We promised, so here is the answer to the question that Ezequiel from Argentina made to us a few days ago. He asked us when was the best moment to plant a vine and how to do it. José Manuel Gómez, the person responsible for Castillo de Maetierra’s vineyard, gave us some indications. He says the best moment to plant a vine is when winter ends or the spring begins. This reduces the risks arising from freeze and, it will allow us to take advantage of the water accumulated during the winter and the spring showers. We will also take advantage of the spring temperatures, which helps them root and favours the vegetative development of the small vines.
However, there are many factors involved that we should take into consideration in order to plant a vine correctly.
1. Firstly, we have to consider the wine-growing and/or oenological objective pursued. Depending on this, we must choose a variety or varieties that we can plant, which at the same time will depend on the land’s wine-growing abilities, its location, arrangement, orientation, height and edaphoclimatic conditions, amongst others.

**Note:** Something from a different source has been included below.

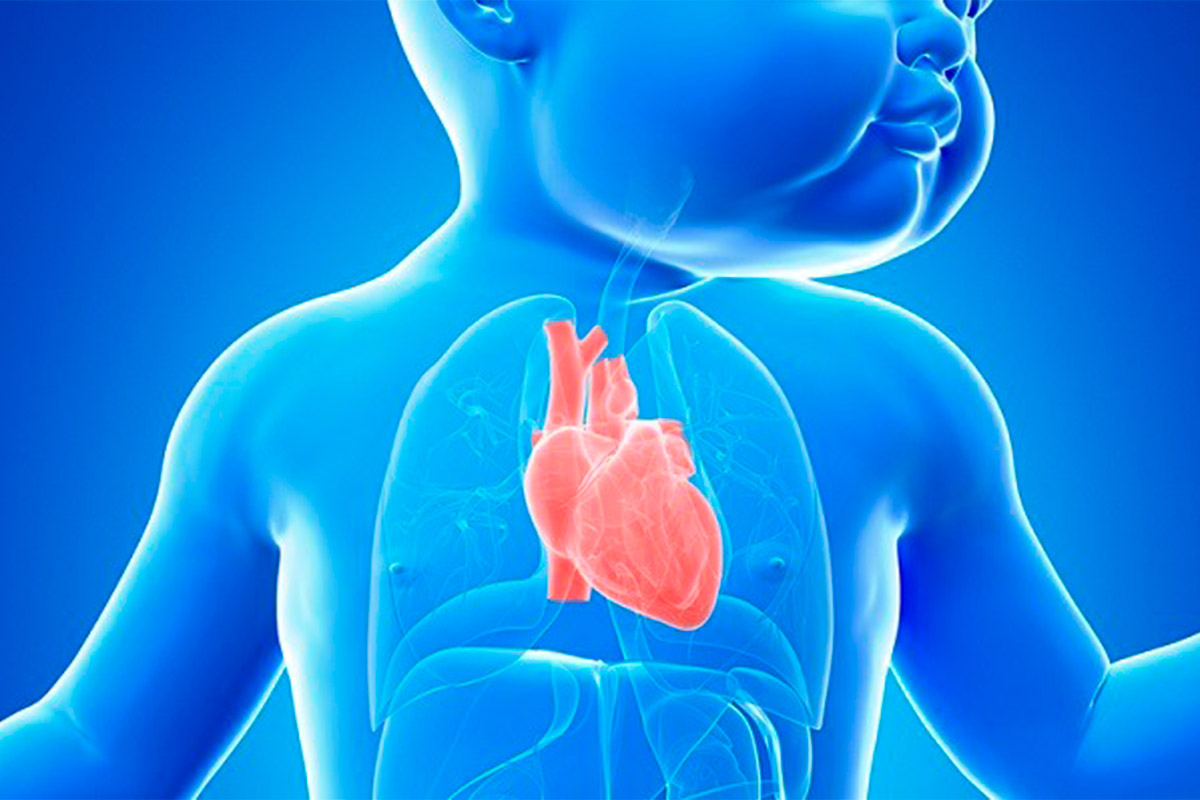 Cardiopatias congenitas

2. Another important decision is the rootstock, which shall depend on the type of soil comprising our plot, as well as its characteristics, for which a representative sample shall be essential. A main point to consider would be when choosing a rootstock, which shall be compatible with the variety chosen. We have to avoid incompatibilities with the variety.
3. An important factor would be to define the plantation pattern and its density, that is, the distance between plants in a same row and between different rows. This depends on the wine-growing objective, plot, inclination, shape, conduction system, type of pruning and available machinery, amongst others.
4. Deciding on the correct orientation of the rows is very important, which is usually a North-South orientation and slightly to the East at about 30º, in order to take advantage of the maximum solar radiation, although to a great extent this depends on the orientation, geometry and the slope of our plot.
5. We should also decide on the conduction system (trellis, gobelet, …) and the type of pruning (cordón royat, guyot, …), which will depend on the wine-growing objective, availability of labour, available machinery, etc.
6. Before planting, we have to prepare the land: subsoiling or ripping, levelling, drainage, soil liming, basal dressing, and the supplementary tasks carried out to help plant the vines.
7. Finally, planting is carried out, which can be performed in several ways. The most common are manually with a quoit – marking should have been carried out previously, mechanically with semi-automatic machines equipped with laser technology, and semi-automatic machines equipped with a GPS – which are the most precise.
We hope that we have answered your query.
Thank you very much and best of regards.